1.コンビニやマクドナルドで働く外国人の在留資格
私は仕事の関係で、よく東京・赤坂のコンビニやマクドナルドに行くのですが、注文、お会計を担当するほとんどの店員さんは外国の方々です。(経営するコンビニ店舗の9割が外国人という事例も) 彼らはどのような在留資格で働いているのでしょうか。
従来より、外国人に単純労働(行政書士の業界では”現業”と言ったりします。)での就労は認められていませんでしたが、2019年4月より受入が始まった在留資格「特定技能」では、12の特定産業分野※において一定の技能水準と日本語能力水準をクリアすれば、この資格において単純労働が認められるようになりました。
但し、コンビニ産業は対象外です。
※特定技能の特定産業分野
- ①介護
- ②ビルクリーニング
- ③素形材・産業機械・電気電子情報関連製造業
- ④建設
- ⑤造船・舶用工業
- ⑥自動車整備
- ⑦航空
- ⑧宿泊
- ⑨農業
- ⑩漁業
- ⑪飲食料品製造業
- ⑫外食業
コンビニやマクドナルド等で働いている外国人の方々の多くが持っている在留資格は「留学」です。「留学」そのものは就労資格ではないので、資格外活動許可(週28時間の包括許可)を受けた上で(アルバイトとして)働いています。なお、マクドナルドは外食業であるので、「特定技能」で(正社員として)働いている方々もいます。(その他、「家族滞在」の資格外活動や、就労制限の無い「日本人の配偶者等」などの身分系の在留資格で働いている方々も)
2.コンビニ業界の動き
コンビニ業界は、特定技能創設時より、特定産業分野に含んでもらうよう従来から国に働きかけており(コンビニエンスストアの特定技能分野追加について:2022/11/24)、国でも検討を継続中です。

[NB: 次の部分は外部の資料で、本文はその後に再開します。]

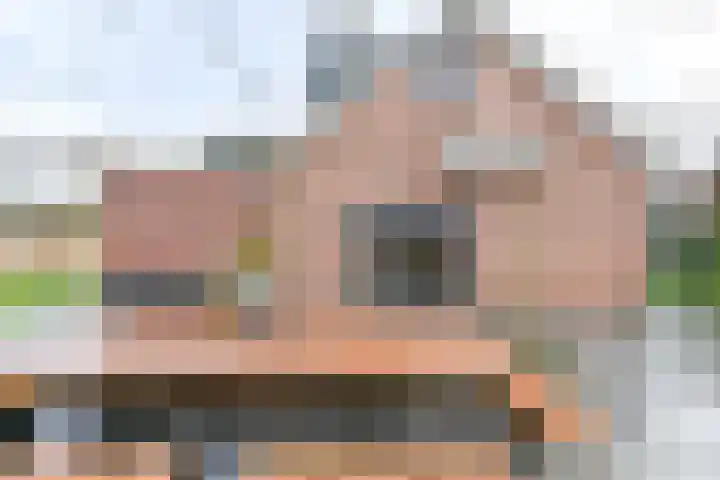 Jasmijnstraat 3 Odoorn thumbnail 98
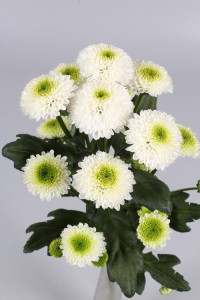 Chr Santini Maverick White X25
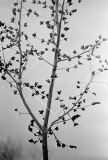 №04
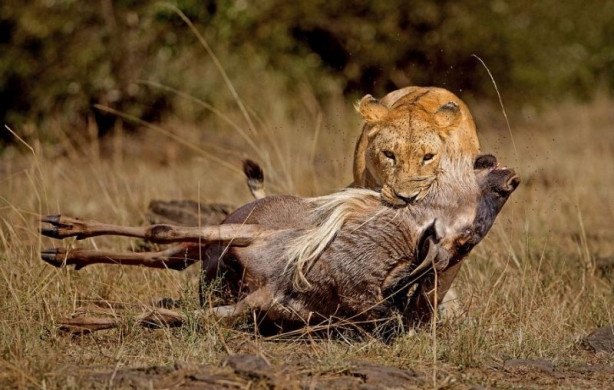 Foto - Vahşi yaşamdan inanılmaz mücadele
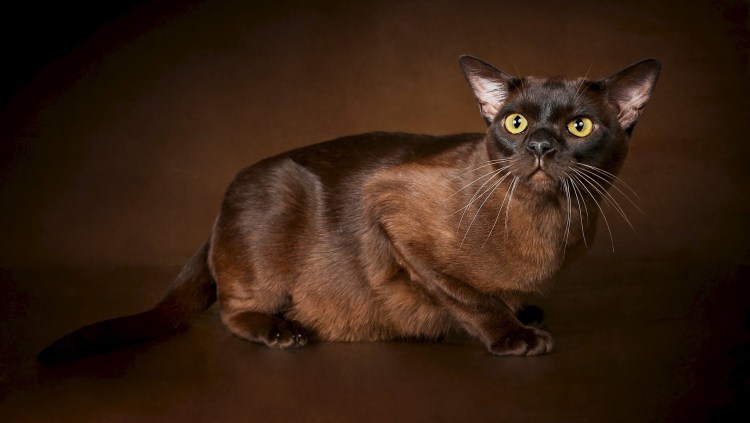 Бурманская кошка европейская и американская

検討を進める中での課題は、特定技能制度において、受入企業・事業主(特定技能所属機関といいます。)側に発生する負担が大きいことにあると考えられます。
フランチャイズ形式であるコンビニチェーンは、店舗オーナーが特定技能所属機関となるとみられ、外国人を受け入れる際のみでなく、受入前後のオリエンテーション、受入時の送迎等、所属機関に課される義務に伴う負荷、相当量の計画・実績資料作成、入管庁や厚労省への届出、及び監査対応といった人的負荷や相当の費用が店舗オーナーに発生してしまい、店舗収益へのインパクトが大きいのです。
上述のコンビニ業界から国への働きかけの内容に、こういった点は述べられていませんが、抜本的な人材不足を、特定技能分野への参加により解決を図るのであれば、少なくとも、こうした業務は本部においてシェアードサービス化し、店舗オーナー側の収益を圧迫しないような安価で提供する等の工夫がなされるべきと考えます。